Wednesday, September 19, 2007

How the World Works

[Brilliant writing and analysis from the blog 'AfterTheFuture'. click title above to read full post]

...this is the way the world works. Power uses power to consolidate power. The power system is self-perpetuating because it only hires and promotes people who serve its interests without questioning them. And the system and those who serve it co-opt or threaten anybody who would question it. The beltway media are full of people who have been threatened or coopted, and they may or may not be consciously aware of their acquiescence.

They live in a culture of acquiescence to power, and so it is normal and expected behavior for them to acquiesce to it. They do it without thinking, taking their cues from whoever it is whose job it is to give such cues. And they take the cues because their careers and lifestyles depend on it. They would not have risen to the positions they hold now if they were not ambitiously good cue takers. And so they have a vested interest in praising and supporting those who, like them, take the cues and squelching anybody who refuses to take them, because their livelihood and wellbeing depends on the charade continuing.

And whether we approve or disapprove makes no difference because we don't hire them, and our criticisms have little or no impact on their performance. They perform for their bosses and for one another in this self-reinforcing fiction that keeps them all in the positions they worked so hard to obtain. The self-perpetuation of the system doesn't require conspiracies and evil geniuses, just a lot of people pursuing their self interests and forming alliances with others who understand the game and will help you out so long as you serve their interests and play by the rules. Challenging the rules is out of the question, and gets you kicked out of the game. A guy like Ralph Nader will never be taken seriously because he challenges the rules--and Liberals who want Nader thrown out of the game are basically acquiescing to the rules as they are set up. The problem with Liberals is basically their naive belief that the system still works.

Kamiya and Greenwald are like wide-eyed boys who are telling us the emperor has no clothes, but it doesn't matter because there are too many people with a vested interest in the charade continuing, and everyone who sees the truth of the situation has no imagination about what to do about it. And if they do, if they express their understandable outrage, they will get ridiculed, ostracized or even tasered and arrested. And for what? Will it change anything?

Nothing is going to happen in Washington until serious power coalitions develop that have weight enough to counter the enormous entrenched and unaccountable corporate and bureaucratic power that is the driving force behind, particularly, the M/I complex. There are other power centers, but this one is the most deeply entrenched and the most resistant to political control.

I don't think the people who serve these power centers are evil, but they are the banal servants of evil. What is needed are heroes. These servants of power are just ordinary human beings like the media types described above. They are ambitious, and they do what they are told in order to get ahead. Petraeus is the archetype of this kind of person. The media recognize one of their own--he's a talented brown-nose, nothing more. That's what is so facetious about his being lionized last week. People like him don't think about the big picture. They are given assignments, they complete them, and they are rewarded. They mostly believe they are doing good work, serving their country. They don't think about the implications too much, and they are too willing to believe the propaganda justifying their mission because to question it would undermine their career aspirations, and, anyway, what good what that do?

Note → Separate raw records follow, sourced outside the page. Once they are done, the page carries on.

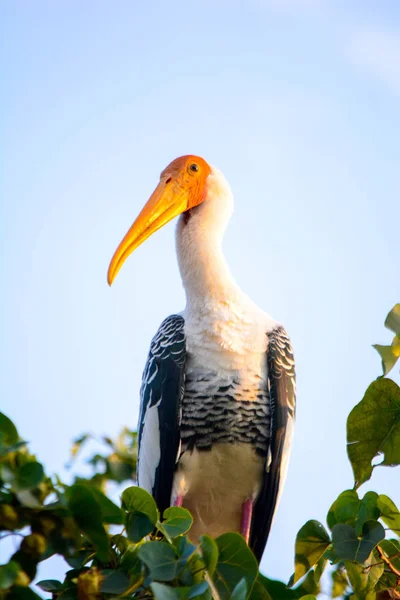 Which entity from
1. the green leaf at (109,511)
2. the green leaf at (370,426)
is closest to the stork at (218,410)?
the green leaf at (370,426)

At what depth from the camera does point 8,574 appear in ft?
8.04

The power system is self-perpetuating in this way. To change it would require a high level of awareness and a level of heroic commitment from millions of people inside and outside of government. And what citizens do in the ballot box is irrelevant until a slate of candidates arise who say that they are willing to confront and subject this system to the will of the people. Until that happens, the charade continues, and while Republicans are the more obsequious in serving these power centers, the Democrats, as we've seen, haven't the political will to confront them. They, too, are careerists, and first and foremost is the fulfillment of their own and their consultants' ambitions, and that requires that they, too, play by the rules. That's what it takes to be taken seriously, and that's just how the world works.

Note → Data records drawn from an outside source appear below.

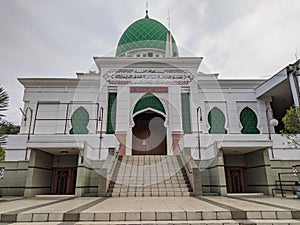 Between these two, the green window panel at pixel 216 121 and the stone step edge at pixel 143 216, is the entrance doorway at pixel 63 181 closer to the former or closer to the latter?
the stone step edge at pixel 143 216

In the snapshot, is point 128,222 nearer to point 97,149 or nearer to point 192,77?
point 97,149

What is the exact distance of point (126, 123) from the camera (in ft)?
38.9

P.S. The whole Greensapn Iraq was "largely about oil'" statement in his new book is an interesting breach of the rules that even he, the most serious of serious Beltway types, felt he had to back away from by convolutedly talking about the threat Saddam posed to the Straits of Hormuz (?!). Just say anything, Alan--Americans don't know where the straits are anyway, and don't care. Of course Iraq was and continues to be largely, if not most importantly, about oil. But it's against the rules to talk about oil. What was he thinking? Did Andrea know he slipped it into his book?